Mr. and Mrs. Cihanek lost not only their livelihood and future on Friday morning when the barn their goats spend the winter in burned down, but they also were forced to say goodbye to 100 animals they had bottle fed, named and to whom they had taught tricks and basic commands.

“This is the most devastating thing in our lives,” Mr. Cihanek said over the phone on Monday afternoon.

The Cihaneks run the company “Green Goats,” which during summer months loans out goats to various properties to help maintain the landscape in an environmentally friendly way. Last May, six of their animals made their way out to Bridgehampton to help rid Vineyard Field behind the South Fork Natural History Museum of troublesome weeds.

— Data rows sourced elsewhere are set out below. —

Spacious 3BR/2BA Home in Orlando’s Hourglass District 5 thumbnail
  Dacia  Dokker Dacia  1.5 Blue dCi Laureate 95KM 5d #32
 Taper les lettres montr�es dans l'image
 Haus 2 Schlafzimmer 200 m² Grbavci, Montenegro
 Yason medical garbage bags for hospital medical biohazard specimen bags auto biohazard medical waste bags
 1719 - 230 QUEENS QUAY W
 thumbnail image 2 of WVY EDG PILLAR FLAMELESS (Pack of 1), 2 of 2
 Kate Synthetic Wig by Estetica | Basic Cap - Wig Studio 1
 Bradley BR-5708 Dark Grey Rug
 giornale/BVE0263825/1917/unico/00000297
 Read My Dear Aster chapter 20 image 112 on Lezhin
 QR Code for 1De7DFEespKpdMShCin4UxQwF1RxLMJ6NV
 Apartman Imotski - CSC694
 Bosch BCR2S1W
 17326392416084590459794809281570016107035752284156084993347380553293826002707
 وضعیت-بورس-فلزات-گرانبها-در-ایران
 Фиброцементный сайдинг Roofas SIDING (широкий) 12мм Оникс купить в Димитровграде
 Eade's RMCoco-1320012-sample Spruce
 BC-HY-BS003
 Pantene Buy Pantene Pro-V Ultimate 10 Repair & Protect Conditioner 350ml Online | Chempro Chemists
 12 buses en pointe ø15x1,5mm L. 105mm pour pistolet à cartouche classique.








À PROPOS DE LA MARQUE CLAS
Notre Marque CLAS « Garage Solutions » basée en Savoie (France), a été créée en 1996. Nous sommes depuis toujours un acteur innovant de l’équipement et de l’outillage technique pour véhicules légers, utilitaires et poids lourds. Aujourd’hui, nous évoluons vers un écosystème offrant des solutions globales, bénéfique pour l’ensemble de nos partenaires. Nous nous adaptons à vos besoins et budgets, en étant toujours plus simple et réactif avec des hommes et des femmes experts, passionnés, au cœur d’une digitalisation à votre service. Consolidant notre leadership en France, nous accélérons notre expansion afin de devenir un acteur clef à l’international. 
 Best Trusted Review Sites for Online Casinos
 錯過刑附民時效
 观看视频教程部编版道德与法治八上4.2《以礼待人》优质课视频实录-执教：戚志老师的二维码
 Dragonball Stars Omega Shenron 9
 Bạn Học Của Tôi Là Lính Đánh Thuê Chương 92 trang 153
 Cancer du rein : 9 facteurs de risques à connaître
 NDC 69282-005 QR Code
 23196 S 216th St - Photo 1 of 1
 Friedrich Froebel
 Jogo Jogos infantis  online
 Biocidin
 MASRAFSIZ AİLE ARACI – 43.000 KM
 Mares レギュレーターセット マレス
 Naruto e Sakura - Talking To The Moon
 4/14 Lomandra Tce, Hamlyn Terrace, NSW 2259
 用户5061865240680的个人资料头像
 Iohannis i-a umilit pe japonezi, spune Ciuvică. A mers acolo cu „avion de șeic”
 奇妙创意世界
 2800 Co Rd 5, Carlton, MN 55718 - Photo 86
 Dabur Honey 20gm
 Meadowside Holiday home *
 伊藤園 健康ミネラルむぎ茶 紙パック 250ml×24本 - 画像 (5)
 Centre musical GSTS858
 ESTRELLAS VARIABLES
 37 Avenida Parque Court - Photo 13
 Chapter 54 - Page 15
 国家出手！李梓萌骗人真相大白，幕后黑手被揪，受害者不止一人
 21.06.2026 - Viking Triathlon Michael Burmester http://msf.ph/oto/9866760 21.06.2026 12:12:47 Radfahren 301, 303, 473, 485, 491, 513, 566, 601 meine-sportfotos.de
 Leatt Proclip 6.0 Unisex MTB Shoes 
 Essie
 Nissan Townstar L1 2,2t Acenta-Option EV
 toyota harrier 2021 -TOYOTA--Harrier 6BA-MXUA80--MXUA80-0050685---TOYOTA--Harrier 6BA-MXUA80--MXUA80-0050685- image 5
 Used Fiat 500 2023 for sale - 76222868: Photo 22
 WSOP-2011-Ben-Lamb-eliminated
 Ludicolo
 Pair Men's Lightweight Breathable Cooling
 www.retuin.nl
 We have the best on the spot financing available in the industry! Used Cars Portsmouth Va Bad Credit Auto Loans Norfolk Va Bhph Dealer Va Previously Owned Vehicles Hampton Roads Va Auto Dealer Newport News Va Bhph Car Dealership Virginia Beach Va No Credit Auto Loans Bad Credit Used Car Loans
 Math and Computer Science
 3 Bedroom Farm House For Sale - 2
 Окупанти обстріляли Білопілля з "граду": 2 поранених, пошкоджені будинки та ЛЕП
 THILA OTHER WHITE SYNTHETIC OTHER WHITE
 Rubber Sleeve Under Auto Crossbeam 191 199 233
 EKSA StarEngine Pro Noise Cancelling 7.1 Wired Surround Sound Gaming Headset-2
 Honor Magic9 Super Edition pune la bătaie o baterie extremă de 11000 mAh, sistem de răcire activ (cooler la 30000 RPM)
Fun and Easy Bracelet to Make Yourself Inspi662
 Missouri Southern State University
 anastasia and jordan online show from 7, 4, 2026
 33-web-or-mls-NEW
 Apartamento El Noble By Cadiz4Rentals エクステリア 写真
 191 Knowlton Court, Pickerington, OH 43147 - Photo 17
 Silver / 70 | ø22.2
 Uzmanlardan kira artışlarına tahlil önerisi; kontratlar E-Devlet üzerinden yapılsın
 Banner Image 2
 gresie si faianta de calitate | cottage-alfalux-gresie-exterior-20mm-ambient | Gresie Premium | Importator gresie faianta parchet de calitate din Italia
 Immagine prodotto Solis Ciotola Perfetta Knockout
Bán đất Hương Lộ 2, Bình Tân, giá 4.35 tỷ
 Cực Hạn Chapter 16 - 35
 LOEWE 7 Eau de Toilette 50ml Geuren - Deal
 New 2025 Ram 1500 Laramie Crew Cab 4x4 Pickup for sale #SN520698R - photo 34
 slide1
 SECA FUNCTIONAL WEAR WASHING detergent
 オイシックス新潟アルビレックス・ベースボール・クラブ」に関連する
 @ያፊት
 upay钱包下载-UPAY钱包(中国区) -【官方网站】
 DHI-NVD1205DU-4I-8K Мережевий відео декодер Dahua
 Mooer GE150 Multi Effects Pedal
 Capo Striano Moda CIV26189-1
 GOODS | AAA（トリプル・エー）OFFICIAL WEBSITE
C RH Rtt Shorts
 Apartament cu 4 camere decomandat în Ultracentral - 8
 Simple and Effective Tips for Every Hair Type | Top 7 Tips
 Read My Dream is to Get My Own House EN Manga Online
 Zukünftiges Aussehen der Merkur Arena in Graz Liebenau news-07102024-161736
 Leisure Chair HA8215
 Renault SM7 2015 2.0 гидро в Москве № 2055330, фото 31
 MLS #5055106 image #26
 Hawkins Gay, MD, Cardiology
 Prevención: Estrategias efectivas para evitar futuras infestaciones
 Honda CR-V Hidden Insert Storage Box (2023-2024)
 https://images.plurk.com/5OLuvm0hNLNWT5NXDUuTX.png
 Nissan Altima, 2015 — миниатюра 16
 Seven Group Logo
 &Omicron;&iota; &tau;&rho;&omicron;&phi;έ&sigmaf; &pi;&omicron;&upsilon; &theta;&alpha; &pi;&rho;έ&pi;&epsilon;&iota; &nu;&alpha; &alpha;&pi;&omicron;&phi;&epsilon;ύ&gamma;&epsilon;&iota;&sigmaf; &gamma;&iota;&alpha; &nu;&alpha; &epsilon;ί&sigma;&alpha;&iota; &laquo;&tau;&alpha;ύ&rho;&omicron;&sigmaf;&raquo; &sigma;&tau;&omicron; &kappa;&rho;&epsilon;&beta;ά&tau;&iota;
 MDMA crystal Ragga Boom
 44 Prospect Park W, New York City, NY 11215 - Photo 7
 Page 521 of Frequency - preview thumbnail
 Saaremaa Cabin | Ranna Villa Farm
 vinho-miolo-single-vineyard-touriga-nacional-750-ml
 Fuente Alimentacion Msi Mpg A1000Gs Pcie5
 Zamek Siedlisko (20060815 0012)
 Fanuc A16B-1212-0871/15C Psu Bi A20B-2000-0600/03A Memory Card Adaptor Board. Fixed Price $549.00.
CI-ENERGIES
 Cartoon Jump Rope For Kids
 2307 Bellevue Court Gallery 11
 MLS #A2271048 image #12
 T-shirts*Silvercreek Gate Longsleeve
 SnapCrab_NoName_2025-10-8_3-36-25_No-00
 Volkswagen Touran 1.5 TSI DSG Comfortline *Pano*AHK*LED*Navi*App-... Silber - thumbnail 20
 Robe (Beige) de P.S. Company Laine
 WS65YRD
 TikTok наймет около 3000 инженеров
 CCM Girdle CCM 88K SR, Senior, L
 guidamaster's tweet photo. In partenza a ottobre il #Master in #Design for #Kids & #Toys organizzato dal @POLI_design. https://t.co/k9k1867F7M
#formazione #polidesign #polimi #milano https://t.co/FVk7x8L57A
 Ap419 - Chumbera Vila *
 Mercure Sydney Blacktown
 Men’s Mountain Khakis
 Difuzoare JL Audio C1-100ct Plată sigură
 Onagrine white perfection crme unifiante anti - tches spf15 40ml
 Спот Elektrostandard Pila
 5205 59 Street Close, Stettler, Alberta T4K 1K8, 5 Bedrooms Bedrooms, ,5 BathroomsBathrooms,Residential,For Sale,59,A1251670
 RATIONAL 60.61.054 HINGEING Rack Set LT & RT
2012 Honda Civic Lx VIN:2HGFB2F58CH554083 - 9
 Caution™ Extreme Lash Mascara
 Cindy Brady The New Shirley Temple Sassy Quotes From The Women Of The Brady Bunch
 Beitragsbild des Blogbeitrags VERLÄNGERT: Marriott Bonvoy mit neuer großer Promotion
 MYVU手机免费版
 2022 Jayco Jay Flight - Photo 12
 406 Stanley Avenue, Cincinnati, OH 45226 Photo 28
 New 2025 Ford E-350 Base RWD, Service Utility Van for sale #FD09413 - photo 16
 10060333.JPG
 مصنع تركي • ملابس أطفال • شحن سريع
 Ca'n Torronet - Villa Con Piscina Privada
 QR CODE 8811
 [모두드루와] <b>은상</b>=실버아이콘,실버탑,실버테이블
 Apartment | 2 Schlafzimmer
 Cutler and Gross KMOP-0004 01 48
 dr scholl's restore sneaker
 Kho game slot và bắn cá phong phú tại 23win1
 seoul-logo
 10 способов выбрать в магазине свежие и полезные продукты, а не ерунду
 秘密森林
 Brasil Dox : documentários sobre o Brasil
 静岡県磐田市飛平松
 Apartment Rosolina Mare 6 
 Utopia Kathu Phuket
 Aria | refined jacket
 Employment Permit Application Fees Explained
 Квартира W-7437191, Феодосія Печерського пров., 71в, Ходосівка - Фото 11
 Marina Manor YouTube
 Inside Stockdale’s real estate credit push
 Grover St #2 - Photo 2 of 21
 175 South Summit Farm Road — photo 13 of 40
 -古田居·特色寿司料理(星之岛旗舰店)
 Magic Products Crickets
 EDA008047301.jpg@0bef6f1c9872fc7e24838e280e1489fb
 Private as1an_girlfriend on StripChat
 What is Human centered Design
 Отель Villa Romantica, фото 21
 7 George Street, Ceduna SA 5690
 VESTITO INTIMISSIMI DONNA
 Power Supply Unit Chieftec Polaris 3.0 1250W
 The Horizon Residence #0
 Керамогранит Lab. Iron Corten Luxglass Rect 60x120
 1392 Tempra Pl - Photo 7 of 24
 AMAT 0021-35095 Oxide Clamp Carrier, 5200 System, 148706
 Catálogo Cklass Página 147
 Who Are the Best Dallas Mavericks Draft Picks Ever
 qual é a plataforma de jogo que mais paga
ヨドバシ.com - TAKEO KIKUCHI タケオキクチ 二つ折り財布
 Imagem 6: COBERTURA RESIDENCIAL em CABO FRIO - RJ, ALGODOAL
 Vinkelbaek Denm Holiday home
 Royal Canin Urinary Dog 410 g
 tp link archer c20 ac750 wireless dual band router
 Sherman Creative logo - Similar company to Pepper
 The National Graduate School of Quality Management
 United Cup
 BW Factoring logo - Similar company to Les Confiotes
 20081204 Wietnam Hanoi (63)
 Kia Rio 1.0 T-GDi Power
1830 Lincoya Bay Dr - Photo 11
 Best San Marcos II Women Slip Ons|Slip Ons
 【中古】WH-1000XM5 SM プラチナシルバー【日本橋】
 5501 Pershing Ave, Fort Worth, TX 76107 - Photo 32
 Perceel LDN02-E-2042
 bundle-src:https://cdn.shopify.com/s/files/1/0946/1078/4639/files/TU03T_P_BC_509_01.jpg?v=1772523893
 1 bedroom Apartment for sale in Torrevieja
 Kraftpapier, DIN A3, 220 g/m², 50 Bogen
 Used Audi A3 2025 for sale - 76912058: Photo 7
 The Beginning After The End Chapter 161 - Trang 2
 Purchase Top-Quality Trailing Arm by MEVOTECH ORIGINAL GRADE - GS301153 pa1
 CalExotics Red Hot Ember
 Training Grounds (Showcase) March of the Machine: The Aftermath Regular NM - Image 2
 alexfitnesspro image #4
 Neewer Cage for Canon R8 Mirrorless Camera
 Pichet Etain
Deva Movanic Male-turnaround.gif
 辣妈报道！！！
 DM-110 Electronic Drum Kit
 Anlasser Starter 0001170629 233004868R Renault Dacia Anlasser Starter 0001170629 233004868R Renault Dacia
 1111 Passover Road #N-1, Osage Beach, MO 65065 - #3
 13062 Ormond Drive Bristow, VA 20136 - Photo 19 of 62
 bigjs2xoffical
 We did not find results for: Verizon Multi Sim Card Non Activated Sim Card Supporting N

In the winter, the Cihaneks housed their goats in a barn on their property. Because of the exceptionally cold winter, the Cihaneks had to put heat lamps into the small milk room in order to keep the 15 new kids warm.

Although they are still not sure what caused the fire, Mr. Cihanek guessed that one of the kids managed to jump up high enough to knock over one of the heaters, which started the devastating fire.

“Everything was gone, everything. And for us, they’re not livestock, they’re pets,” Mr. Cihanek said.

Mr. Cihanek said he and his wife have been awe-struck and amazed by the outpouring of support since the fire—not only have friends offered to help clean up the site of the fire, but acquaintances and strangers have reached out to donate goats to the family, and the Cihaneks are determined to start over.

In addition to an old-fashioned barn raising, Mr. and Mrs. Cihanek will hold a fundraising dinner, and the couple’s daughter Tayler set up a fundraising page in order to help get her parents business back on track.

For more information about the Cihaneks, visit green-goats.com, or to donate money to their rebuilding efforts visit gofundme.com/rebuildourbarn.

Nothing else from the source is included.